Toten-Andacht in Berlin: „Ein Signal der Menschlichkeit“

In Berlin-Reinickendorf wurde erstmals eine Andacht für einsam Verstorbene gefeiert. Der Bezirk ließ sich von datenschutzrechtlichen Bedenken nicht hindern.

226 Kerzen brannten am Sonntagabend auf den Stufen zum Altar der Evangelischen Apostel-Paulus-Kirche in Hermsdorf, dazwischen lagen rote Rosenblüten. Jede der Kerzen erinnerte an einen Menschen, der im abgelaufenen Jahr von der Ordnungsbehörde des Bezirks Reinickendorf bestattet worden war, weil der Tote entweder keine Angehörigen hatte, oder diese Angehörigen zu Lebzeiten den Kontakt abgebrochen hatten.

Reinickendorf ist der erste Bezirk, der sich von datenschutzrechtlichen Bedenken nicht daran hindern ließ, für diese Verstorbenen eine würdige Gedenkfeier auszurichten. Eine Gruppe von Bürgern, zu denen als treibenden Kräfte Gesundheitsstadtrat Uwe Brockhausen (SPD), Patrick Larscheid, der Leiter des Gesundheitsamtes und Andreas Hertel, der Pfarrer der evangelischen Apostel-Paulus-Gemeinde gehörten, sowie Silvane Ehrhardt vom Beerdigungsinstitut, hatten zu der Feier in die Kirche eingeladen. Etwa

50 Menschen waren der Aufforderung gefolgt. Sie hörten die Namen aller 226 Verstorbenen, in wechselnder Reihenfolge von Patrick Larscheid und Andreas Hertel verlesen, sowie zum Anlass passende Gedichte und einfühlsame Musik, gespielt von Monika Schubert, Marc Ringel, Sidonie Klein und Sabrina Kaeber auf Querflöten und Posaune.

Vielfältige Schicksale

Uwe Brockhausen versuchte in einleitenden Worten die Schicksale jener Menschen zu beschreiben, deren letzten irdischen Weg die Ordnungsbehörden organisieren mussten. Man könne nur vermuten, dass die meisten von ihnen nicht auf der Sonnenseite des Lebens gestanden haben, sagte er. Es sei ein Signal der Menschlichkeit, eine solche Trauerfeier mit der Verlesung der Namen abzuhalten, denn der Mensch sei erst tot, wenn niemand mehr an ihn dächte, mahnte er unter Bezug auf ein Brecht-Zitat.
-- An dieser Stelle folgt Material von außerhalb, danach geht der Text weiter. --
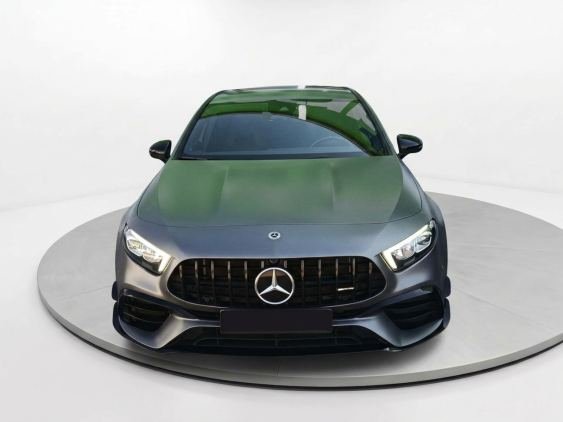 MERCEDES CLASE A Mercedes-AMG A 45 S 4MATIC+ 2021 de segunda mano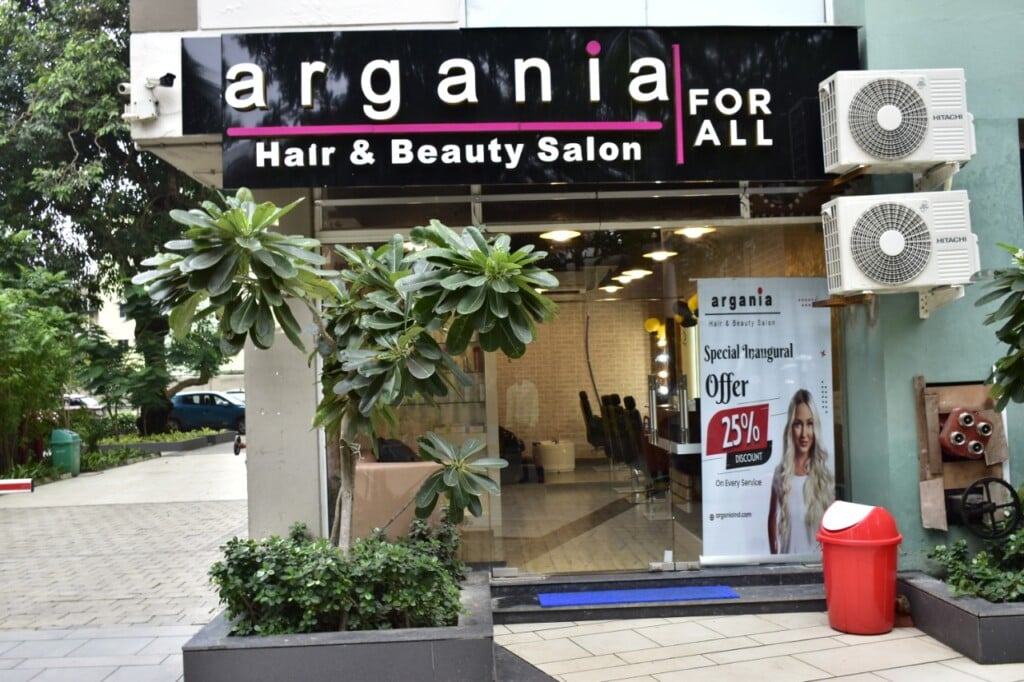 Argania Hair & Beauty Salon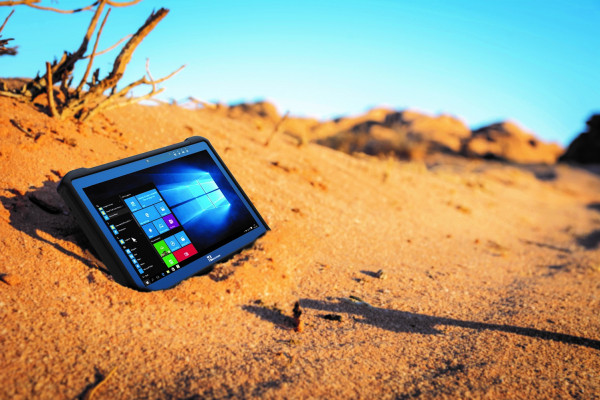 Das neue Rugged Tablet von TL Electronic
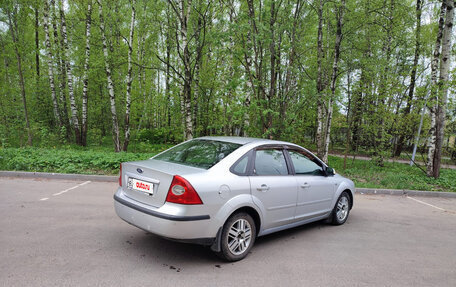 Ford Focus II рестайлинг, 2006 год, 450 000 рублей, 3 фотография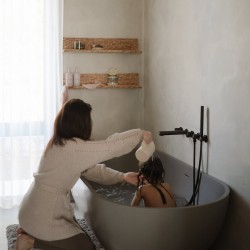 TAZZA DA BAGNO SOLID SHIFTING SAND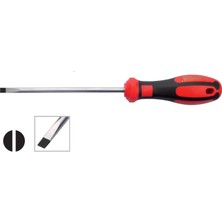 Ceta Form F10 C-Plus Düz Uçlu Tornavida Kabin Tipi 5.5X100 mm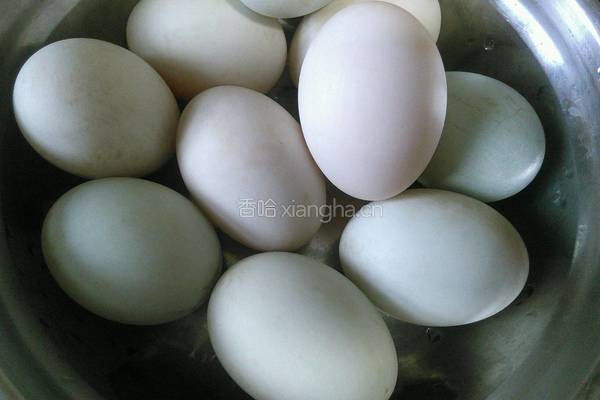 鸭蛋包饭的做法图解4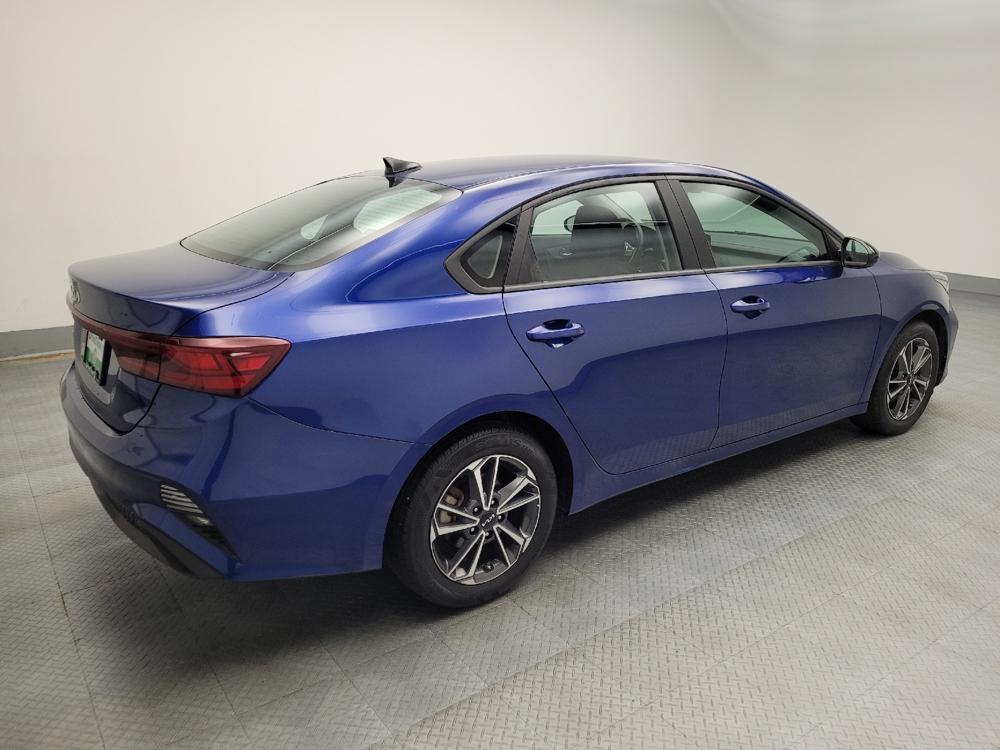 used 2022 Kia Forte car, priced at $18,995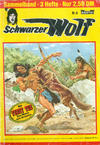 Cover for Schwarzer Wolf Sammelband (Bastei Verlag, 1975 series) #6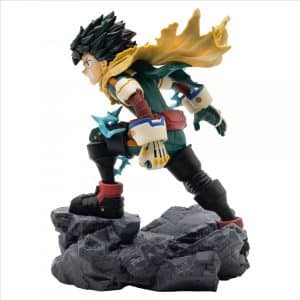 Figura Izuku Midoriya My Hero Academia - Combination Battle - Finale 13 cm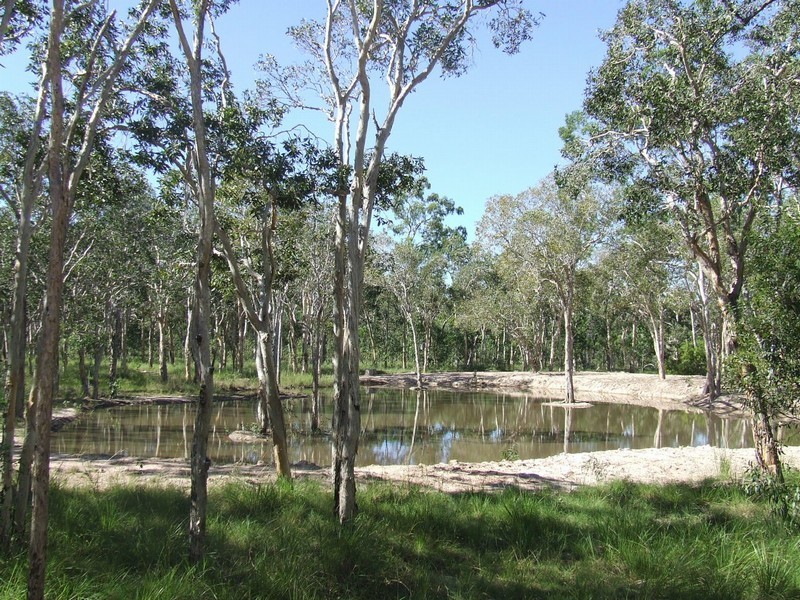 Captain Creek QLD 4677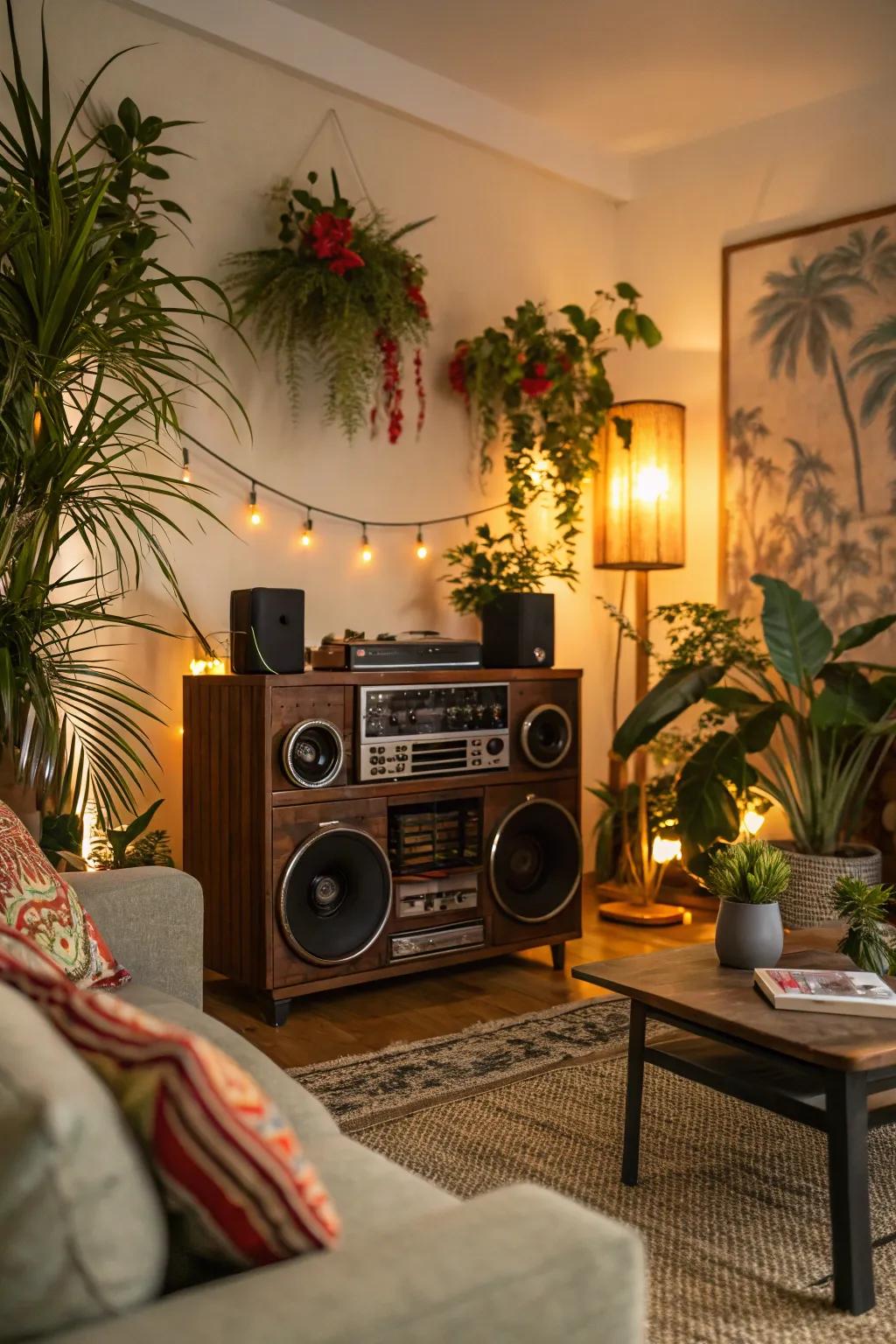 Island music sets the scene for any occasion.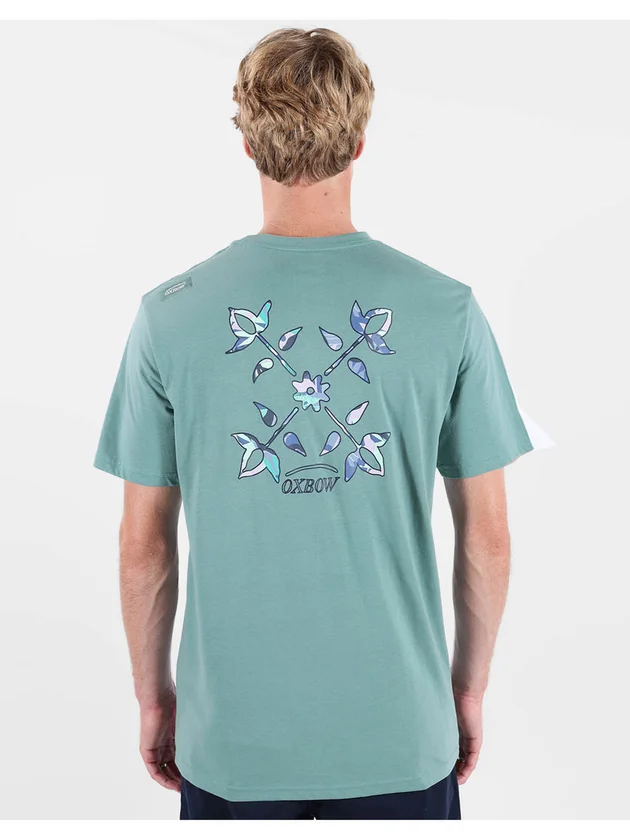 Tee Shirt Manches Courtes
Wie vielfältig die Schicksale der Menschen waren, deren Urnen auf dem Alten Domfriedhof in Mitte beigesetzt wurden, zeigte Patrick Larscheid, ohne Namen zu nennen, an vier Beispielen auf. Da war der im achten Lebensjahrzehnt verstorbene Wittenauer, der zwei Jahre unentdeckt tot in seiner Wohnung lag, obwohl der Sohn nur wenige hundert Meter entfernt wohnte. Da war der einsame Flüchtling, der den gefährlichen Weg über das Mittelmeer geschafft hatte, und dann im Tegeler Fließ ertrank.

Da war die alleine lebende Frau, die ermordet und deren Leiche weit weg von Berlin verscharrt worden war. Und dann der Mann, um dessen Beisetzung sich nach dem Tod keine der sieben Töchter kümmerte – weil er die Mutter der ersten der Töchter brutal gequält und die der sechs anderen erschossen hatte. Da wäre dann, erklärte Patrick Larscheid die Rechtslage, es eine „unbillige Härte“ gewesen, wenn man die Familie zur Begleichung der Beerdigungskosten herangezogen hätte.

Können zwischen 50 Trauergästen, von denen sich viele vermutlich vorher nie gesehen hatten, überhaupt Gemeinsamkeiten entstehen? Der Wille, ein Zeichen zu setzen, einte sie zumindest alle. Sie sollten sich ihren Nachbarn mit dem Vornamen vorstellen, forderte Larscheid die Gekommenen auf. Und dass ein kleines Kind, fast noch ein Säugling, fröhlich zwischen den Reihen herumkroch, öffnete den Blick nach vorne, auch in dieser Stunde.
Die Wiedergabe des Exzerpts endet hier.